▶ TRY IT
Shown below is a listing with pictures; reproduce exactly, and only, the lines between the ones containing "Classic Agarwood Barrel" and "izac Chemise slim", inclusive, leaving the pictures out.

▶ MATERIAL FOR THIS TASK
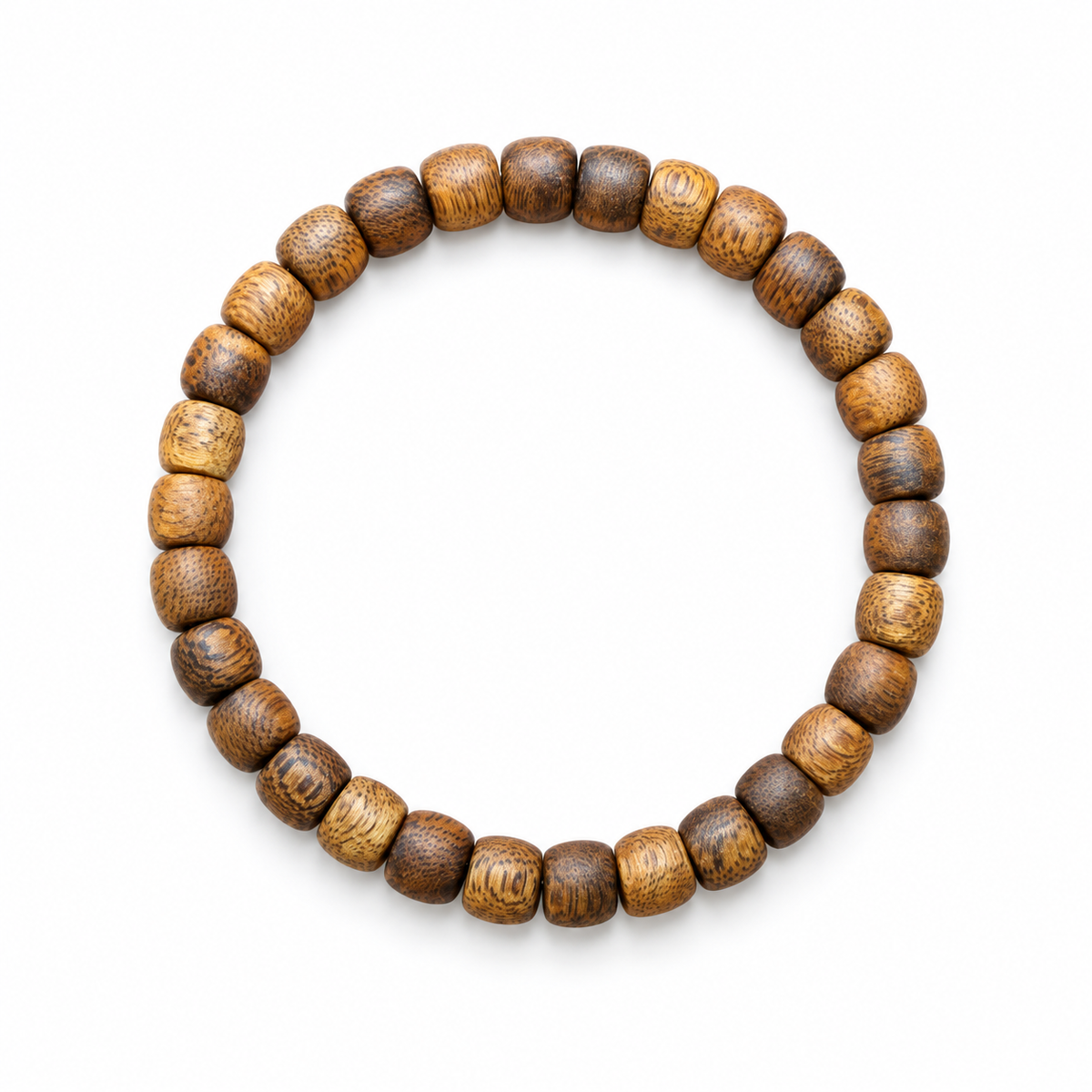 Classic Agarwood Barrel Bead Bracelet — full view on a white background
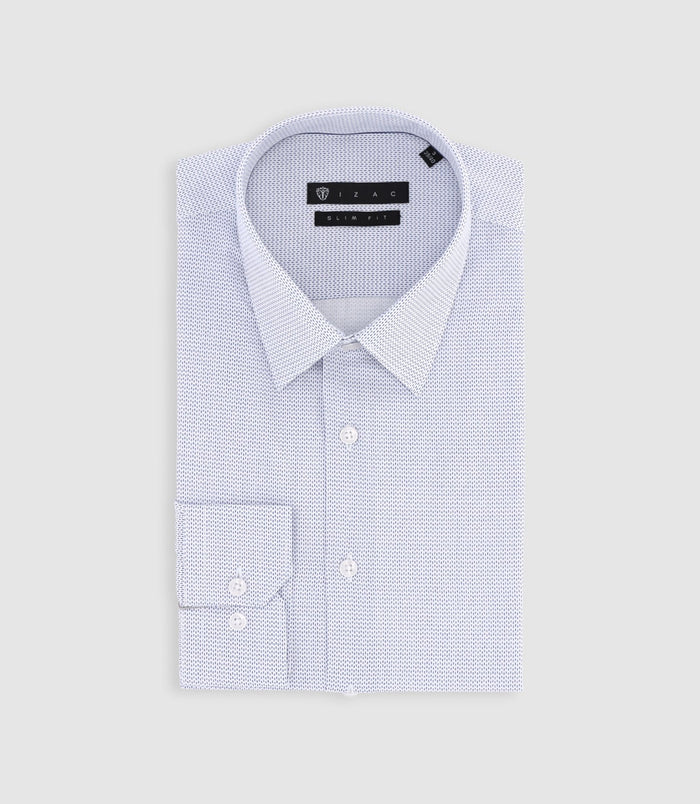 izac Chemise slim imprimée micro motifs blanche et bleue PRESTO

---

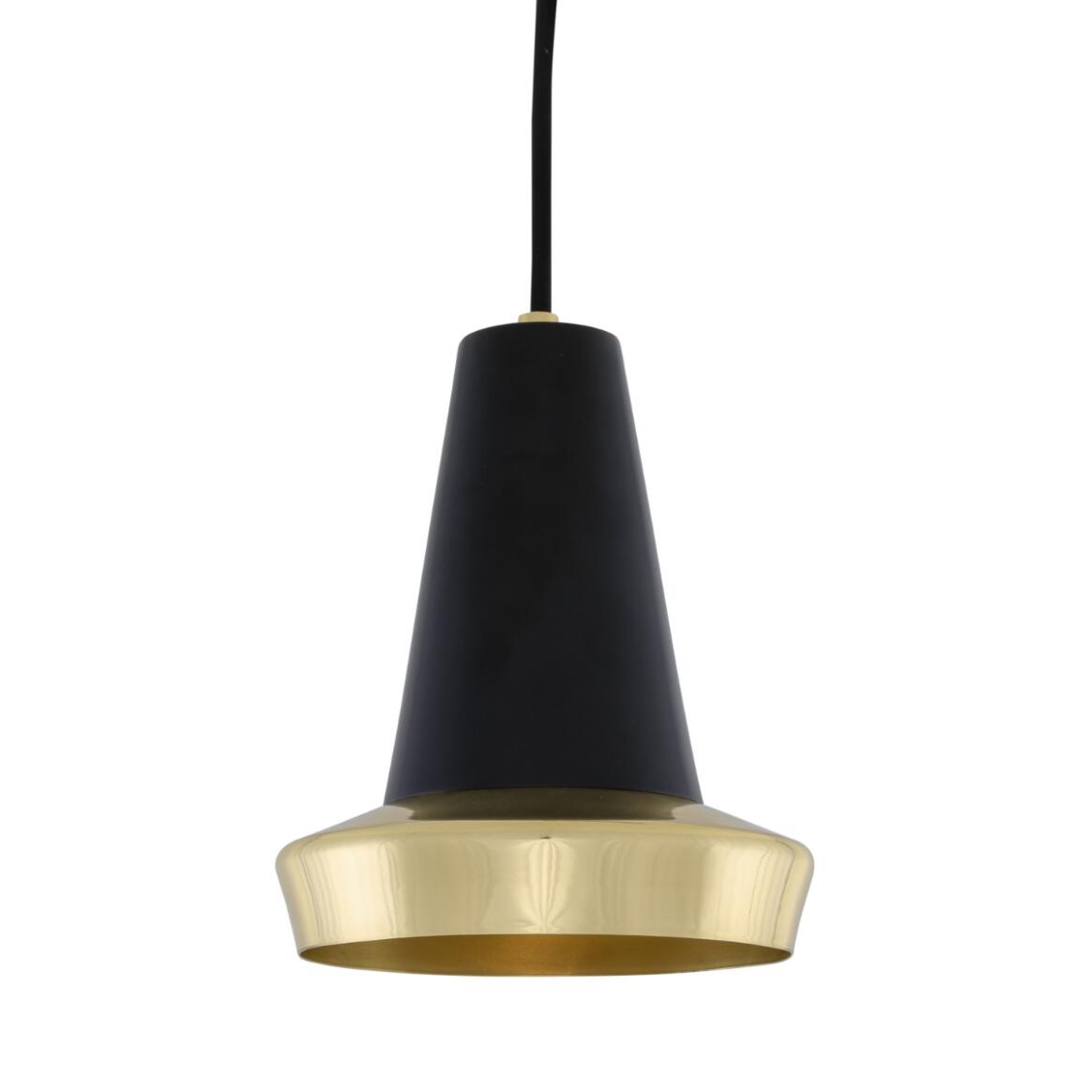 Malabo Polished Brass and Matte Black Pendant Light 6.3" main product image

▶ SOLUTION BELOW
 Classic Agarwood Barrel Bead Bracelet — full view on a white background
 izac Chemise slim imprimée micro motifs blanche et bleue PRESTO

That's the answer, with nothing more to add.